# XM Aims for 1 Million Subs



## Steve Mehs (Mar 21, 2002)

XM Satellite Radio isn't backing away from its bullish subscriber projections for 2003.

XM CEO Hugh Panero said Thursday the company still expects to reach 1.2 million subscribers at the end of 2003. Given the tough economic conditions and other factors, reaching that number "is a challenge, but achievable," he said.

The forecast came along with 2002 financial results and news that XM expects to report more than 130,000 customers during the current quarter. In January, XM announced that it crossed the 360,000 customer mark.

Subscriber numbers are expected to accelerate in 2003 due to the availability of XM radios in additional lines of GM and Honda vehicles and growing sales tied to XM's SKYFi product. Sales are expected to jump "steeply" in fourth quarter 2003 due to the roll-out of 2004 vehicle models with XM and high hopes for the holiday shopping season, Panero said.
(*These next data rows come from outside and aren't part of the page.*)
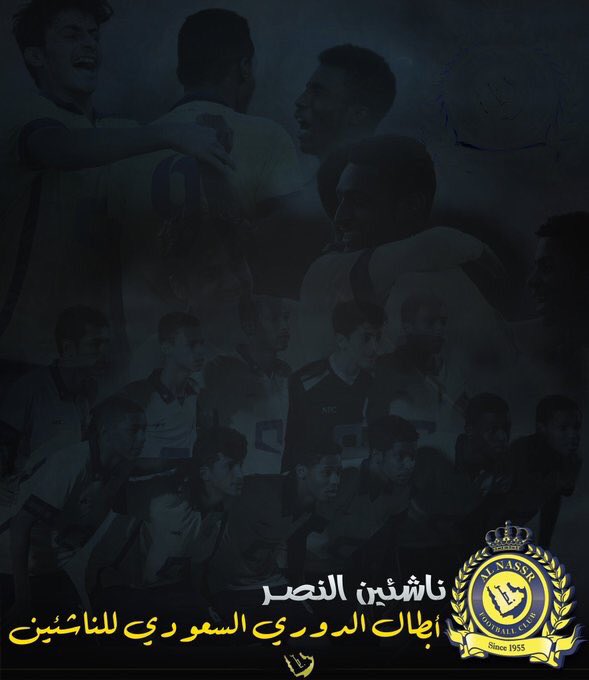 صور تتويج ناشئين النصر ببطولة الدوري بعد الفوز على الهلال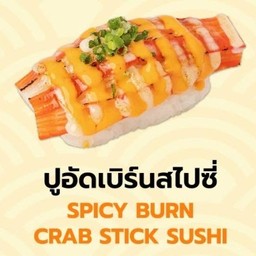 ปูอัดเบิร์นสไปซ์ซี่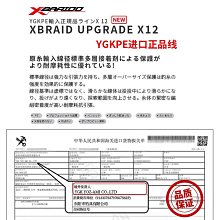 五彩PE線 500米 300米 八編織 路亞-磯釣-前打-釣魚-池釣-大力馬 戶外 休閑 釣魚-陽光小屋 歷史價格詳細信息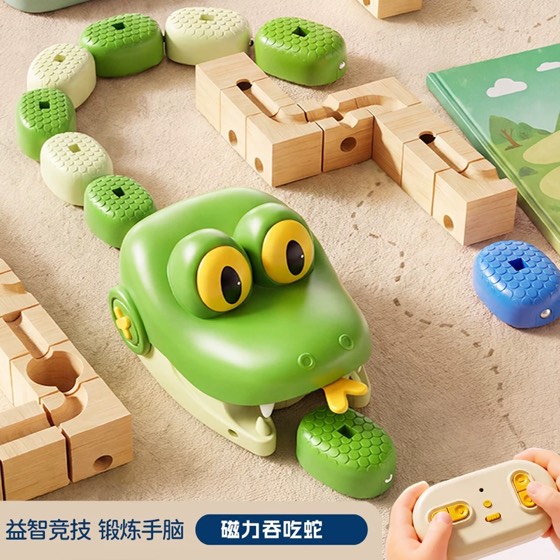 磁力吞吃蛇遥控汽车玩具男孩儿童桌面双人贪吃拼豆大作战游戏机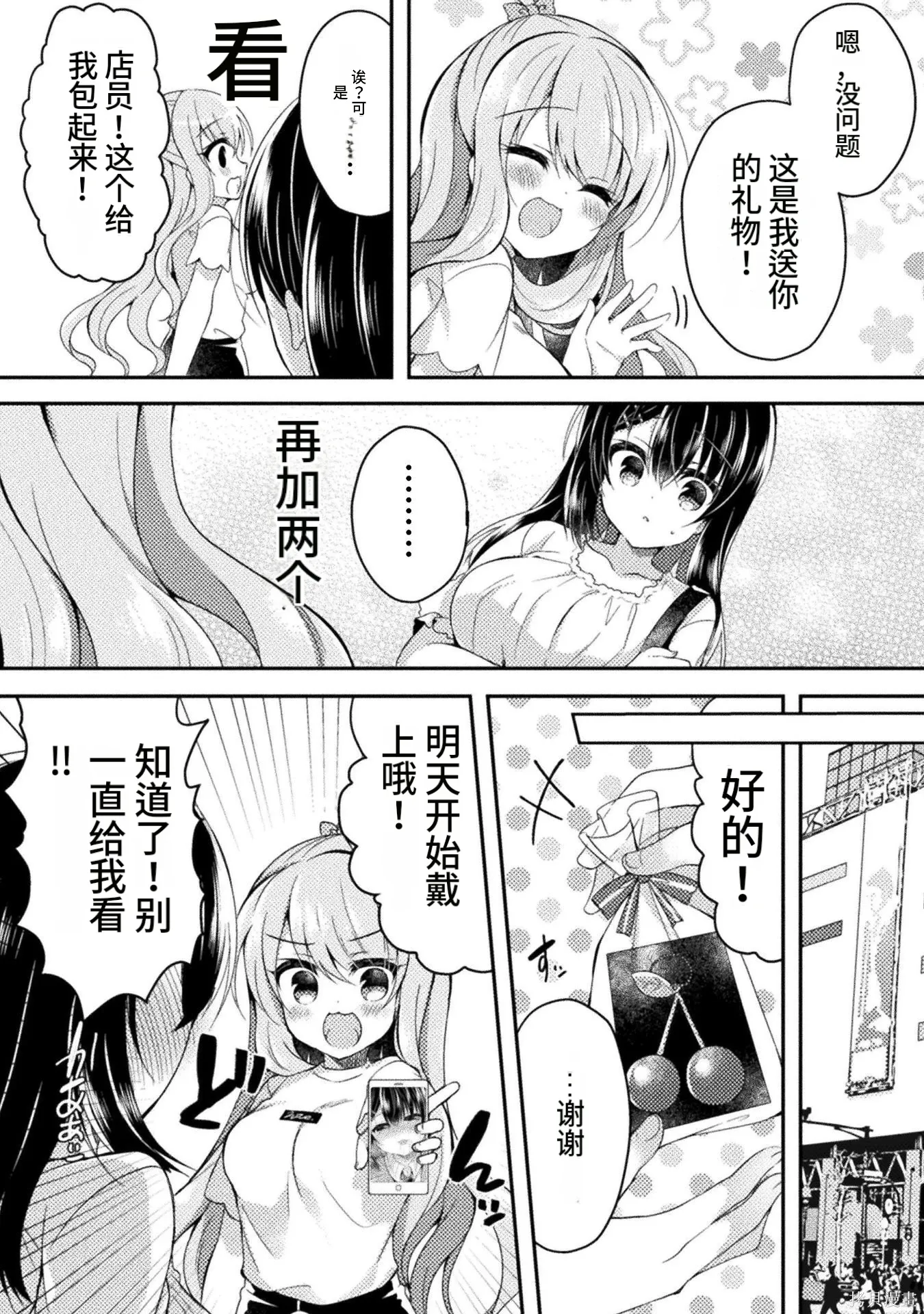 第1卷 第120页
Panero said that during fourth quarter 2002, XM added 79,000 customers.

On the financial side, Panero said XM is expected to go cash flow break-even late in 2004. Fourth quarter 2002 realized revenue was $9 million, and XM's EBITDA loss was $97.3 million. The consolidated net loss for the three-month period was $161 million.

From SkyReport (Used with Permission)


----------